For setting a specific stroke, the limit switches can in each case be fixable in any desired position on the switching path by means of an adjusting device provided. To this end, the limit switches can be guided in an axial guide extending over the switching path. The guide can display a slit. The limit switches can in each case be fixable in the slit to this end. A screw connection can be provided for fixing the limit switches. For this purpose, the slit width can expediently be equal to the minor diameter of the screw of the screw connection, such that the screw is fixed in the slit when screwed into the slit.

In a preferred development of the second coupling element, a fork head or a lug with a connecting element for connection to the item of furniture can be provided, being fastened to the coupling end in non-rotating and non-sliding fashion. To prevent axial sliding, the face end of the second coupling element can be screwed onto the coupling end. To this end, the coupling element can comprise a fastening section with a hollow cylinder displaying an internal thread that engages an external thread provided on the end of the coupling end, where the face end of the fastening section can be guided into a stop position against the coupling end. To prevent loosening of the screwed connection between coupling end and second coupling element, a dowel pin can be passed through a radial opening provided in the spindle and the coupling element, connecting the spindle and the coupling element to each other when in a locking position. Instead of using a screwed connection with a locking device, the second coupling element can also be welded to the coupling end.

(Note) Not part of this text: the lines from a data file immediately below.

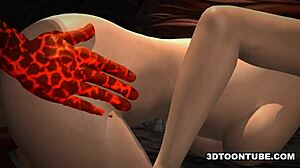 3D Babe Feels Intense Pleasure With Reptile Cocks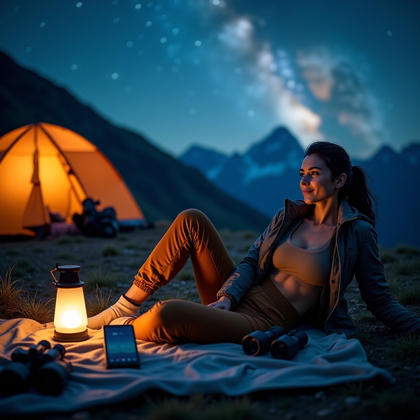 AI-generated photo: Photorealistic portrait photograph, astro explorer reclining on a blanket at a high-altitude campsit...
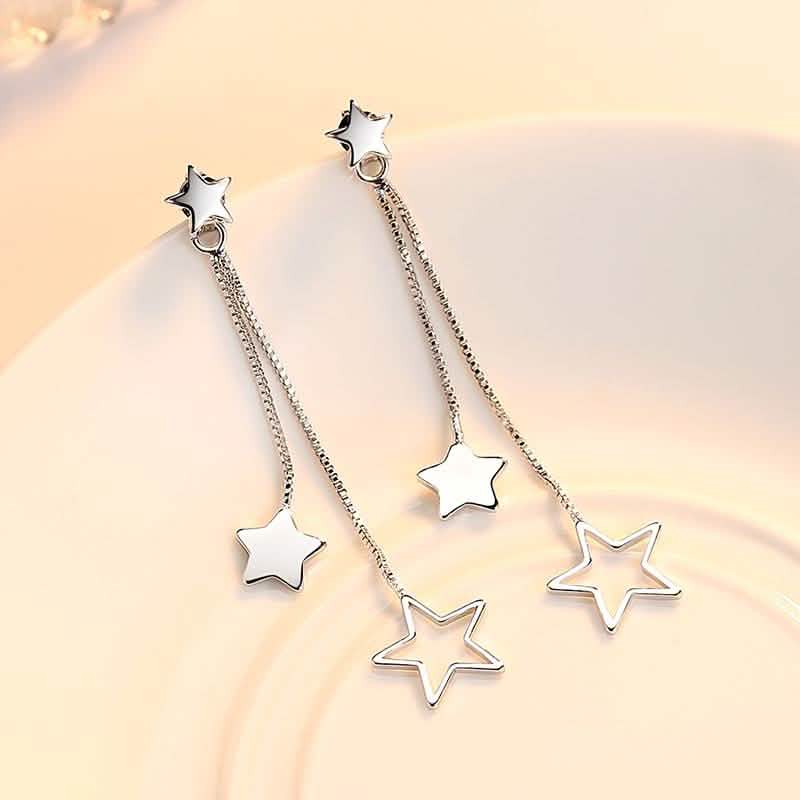 Sterling Silver Long Star Drop Earrings Jewelry - DailySale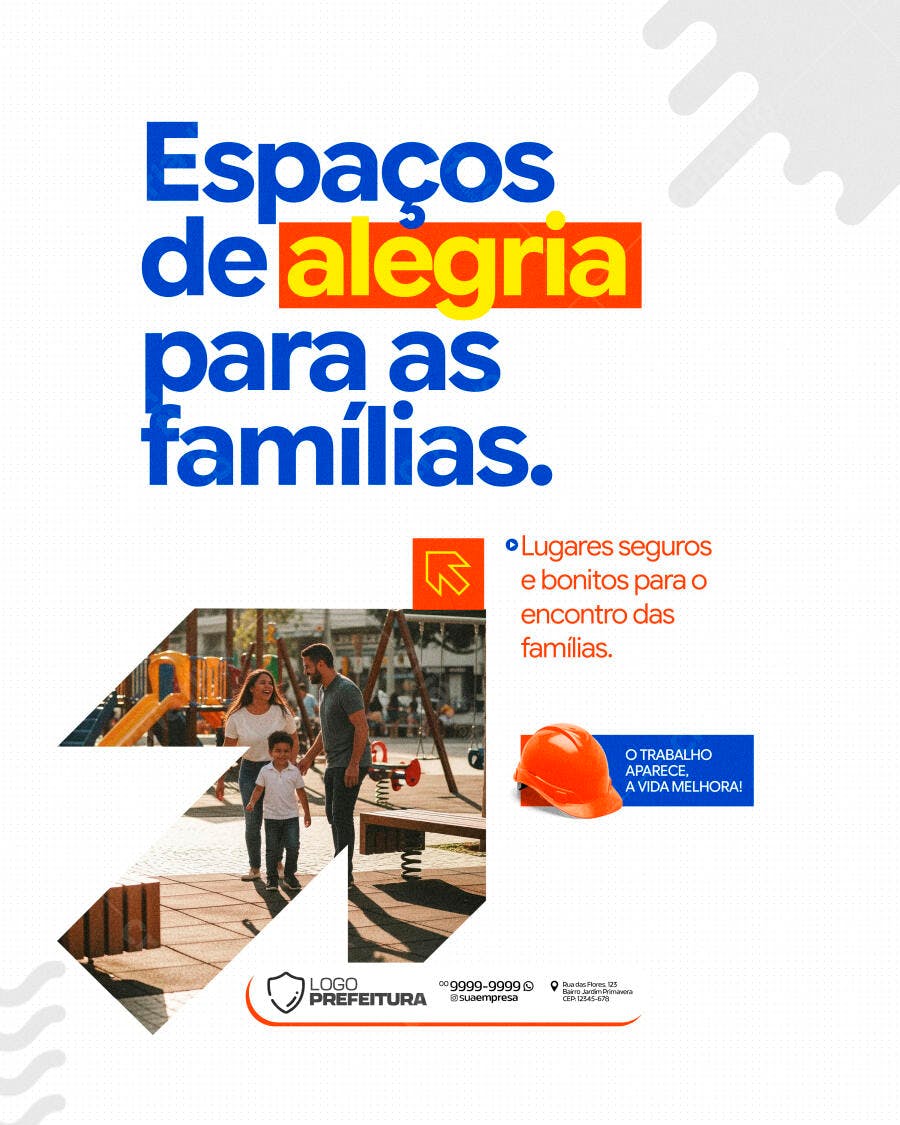 Post Instagram Prefeitura Espaços Família PSD Editável
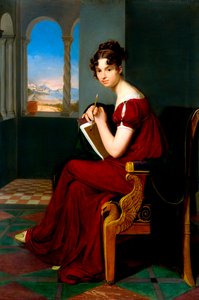 ""Portret młodej kobiety trzymającej narzędzia kreślarskie"" (Młoda dama z przyborami do rysowania) Obraz Carla Christiana Vogela von Vogelstein (1788-1868) 1816 Olej na płótnie Wym. 70x48,5 cm Państwowa Galeria Sztuki, Drezno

In a development, the coupling end can be provided with a connecting opening for accommodating a bolt or the like of the item of furniture. Said opening should preferably run perpendicular to the longitudinal axis of the thrust element, or perpendicular to the stroke. As with the outlet opening, lubrication can also be provided here. To this end, lubricating grooves running axially to the connecting opening and containing lubricant can be located at intervals around the circumference of the inner side of the connecting opening.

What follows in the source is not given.